- **ASSIGNMENT**
From first line to last, give the records again word for word and omit the pictures.

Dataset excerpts
= Beginning of Section =

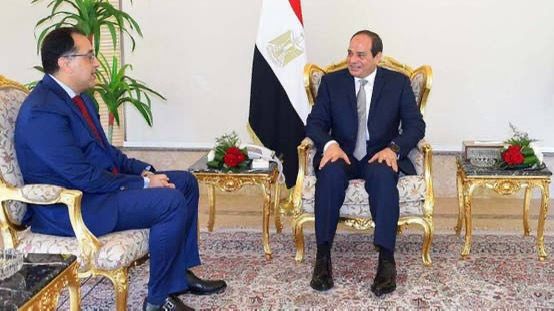 السيسي يتشاور مع مدبولي لإجراء تعديل وزاري شامل في الحكومة المصرية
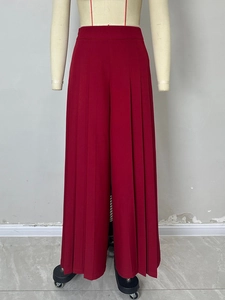 Pantalon large plissé rouge foncé à taille haute avec un design fluide et amincissant chic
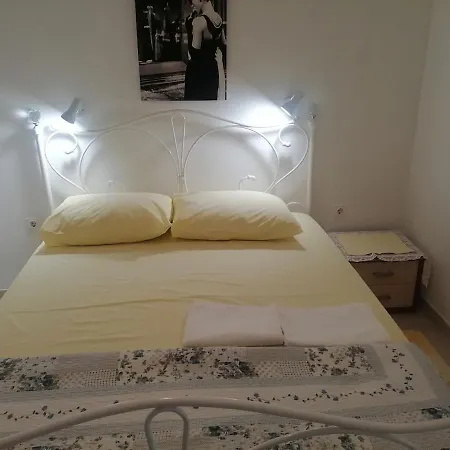 With Terrace In Apartment Crikvenica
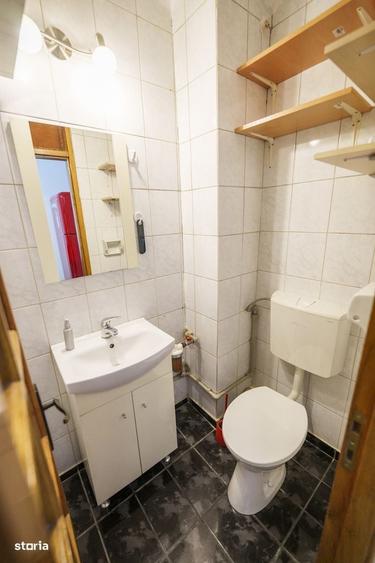 Apartament cu 3 camere decomandat în Albești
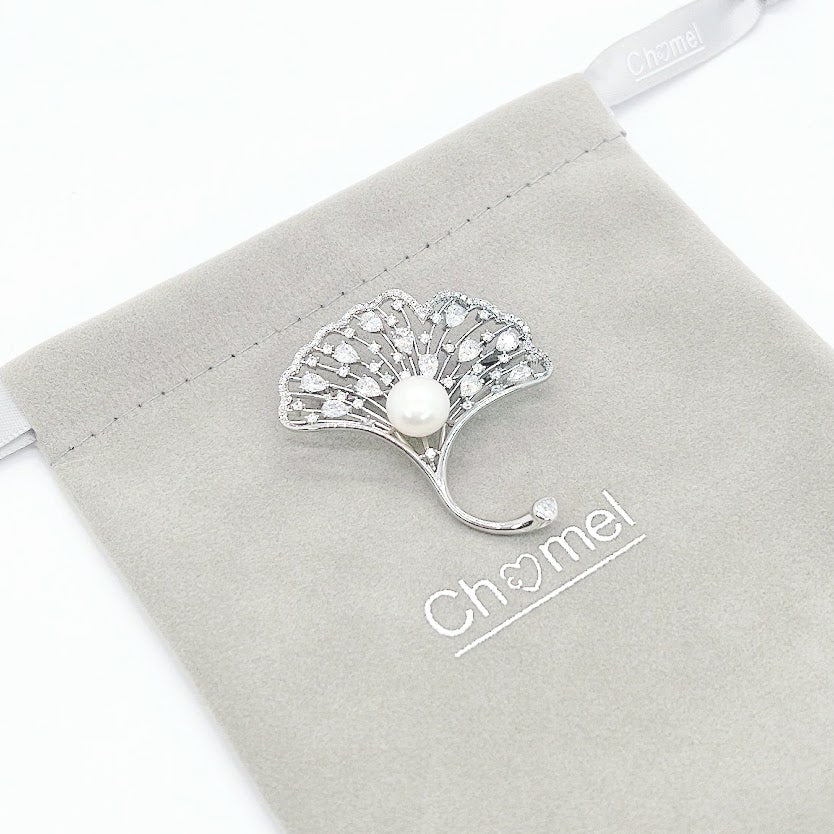 Gingko Leaf Freshwater Pearl Brooch - CHOMEL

= End of Section =

- **EXPECTED ANSWER**
 السيسي يتشاور مع مدبولي لإجراء تعديل وزاري شامل في الحكومة المصرية
 Pantalon large plissé rouge foncé à taille haute avec un design fluide et amincissant chic
 With Terrace In Apartment Crikvenica
 Apartament cu 3 camere decomandat în Albești
 Gingko Leaf Freshwater Pearl Brooch - CHOMEL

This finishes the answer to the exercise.